Recirculating Production Pond Inflows to Increase Production and Reduce Effluents on Small-Scale Fish Farms

2005 Annual Report for OS04-018

Project Type: On-Farm Research
Funds awarded in 2004: $14,145.00
Projected End Date: 12/31/2006
Region: Southern
State: Alabama
Principal Investigator:
David Cline
Alabama Cooperative Extension System

Recirculating Production Pond Inflows to Increase Production and Reduce Effluents on Small-Scale Fish Farms


With guidance from University personnel and funding assistance from SARE, the cooperating farmer has had the opportunity to explore the economics of recirculating water through his multi-pond production system. Recycling this water along with integrating secondary non-fish crops has helped reduce the amount of potentially nutrient rich effluents leaving the farm and allowed the farmer to increase his productivity and efficiency.

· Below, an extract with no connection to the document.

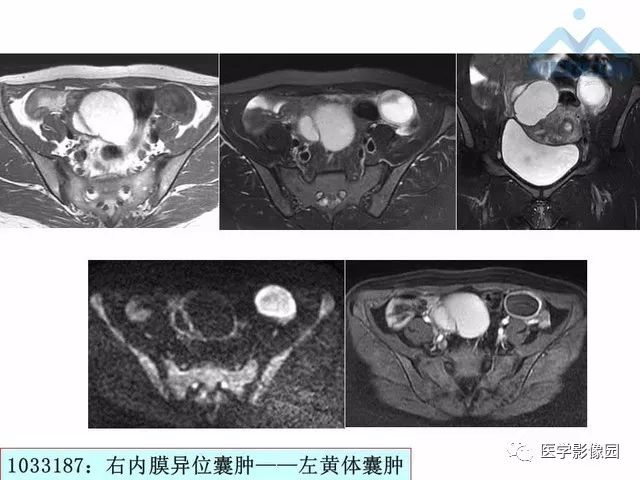 【PPT】MR对卵巢囊性病变的鉴别诊断价值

Objectives/Performance Targets

The objectives for year two included:

Preparing the garden plots. Completing the harvest sorting and marketing of year 1 fish from raceways. Restocking the raceways with catfish. Preparing/repairing the aquaponic rafts and germinating seedlings. Feed fish and monitor their growth. Monitoring and maintaining water quality. Planting and maintaining aquaponic plant rafts. Harvest fish and plants and record the profits and losses associated with the project.

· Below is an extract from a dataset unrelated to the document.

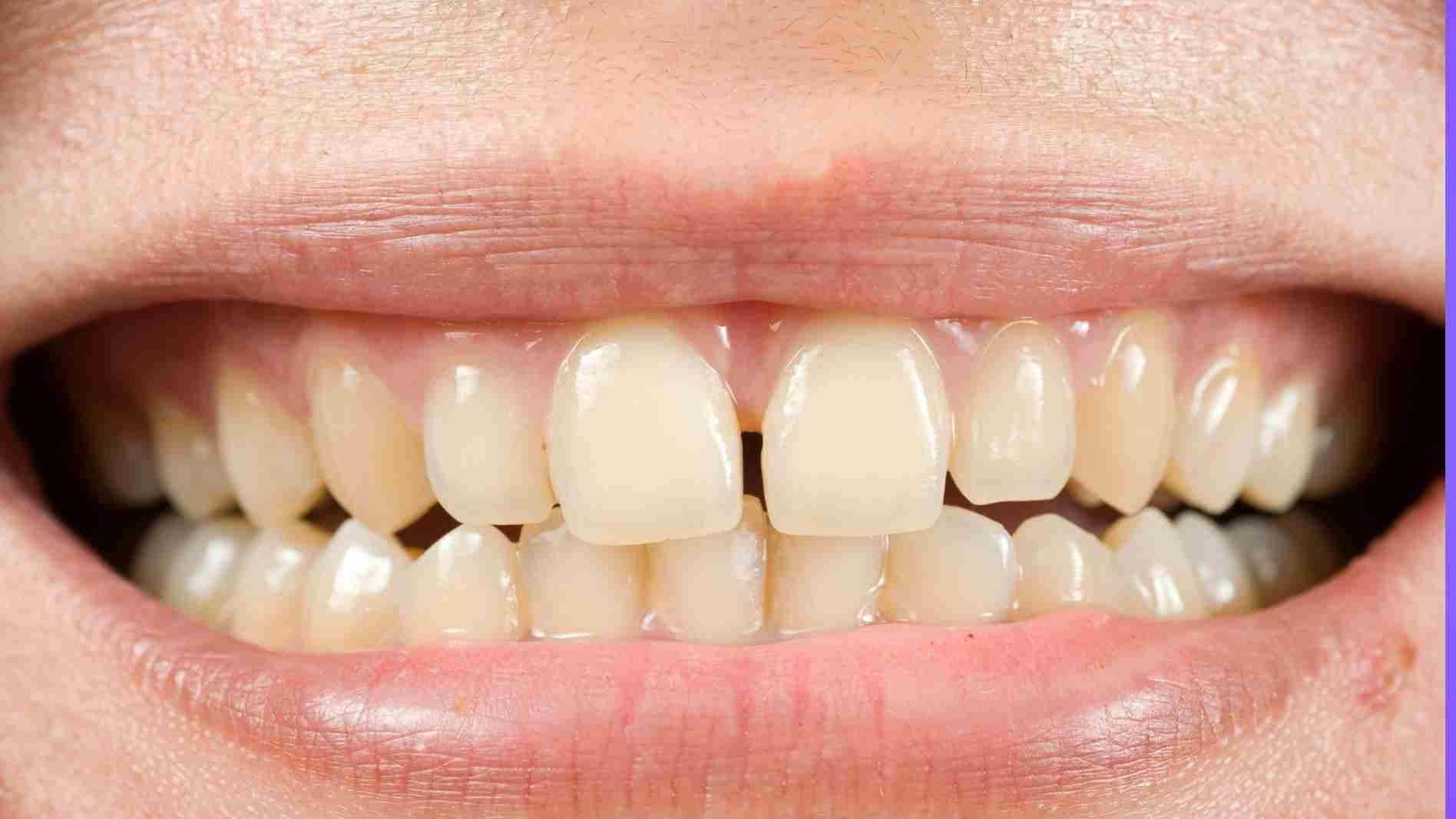 A person having stained teeth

The cooperating farmer was able to accomplish the year two objectives, but not without some difficulty however. The farmer battled with illness and farm labor issues. Also the weather was not very cooperative.

Year one fish were harvested and the production levels were up. The aquaponic rafts were installed with the seedlings. The plants did very well for approximately two weeks and then appeared to suffer from lack of nutrients and overexpose to the sun. The second hurricane in as many years finished them off, so they did not contibute positively to the farmers bottom line. The additional vegetable plots were also devastated by the hurricane and resulted in only $1000 extra profit to the operation.

After consultation with some of the Auburn University horticulturists, it was determined that there were not adequate nutrients in the water to support the aquaponic plants. The decision was made to add a small amount of slow release fertilizer to each plant. This effort sustained the plants for a longer period of time, but this batch also demonstrated symptoms of overexposure to the sun. The rafts were white in color, and it was determined that the sun reflecting off this white surface was more than the plants could tolerate.

The fish produced in the raceways did very well in the recirculated water, and water quality never became an issue. These fish were marketed primarily through the farmers fee fishing operation and generated an slight increase in farm income.

The decision to hold the farmer field day/workshop was postponed until the spring when there would be more for the visitors to see.

Impacts and Contributions/Outcomes

The farmer reported production of an additional 1000lbs of tomatoes that resulted from the project. Most of the other vegetables were hit hard by the second hurricane. The second attempt to grow the aquaponic lettuce yeilded valuable information in terms of the nutrient requirement and sunlight tolerance of the plants. The farmer was disappointed with the results but was encouraged enough by the prospects to seek a method to concentrate fish wastes to improve the nutrient availability.

The cooperating farmer was so pleased with the results of the water recirculation efforts that he is constructing another set of raceways to further intensify his production, reduce labor requirements and concentrate the fish wastes to grow more plants.

Many farmers and patrons visiting the farm commented on the integration with the plants and considered it a valuable investment that they will consider for their farm.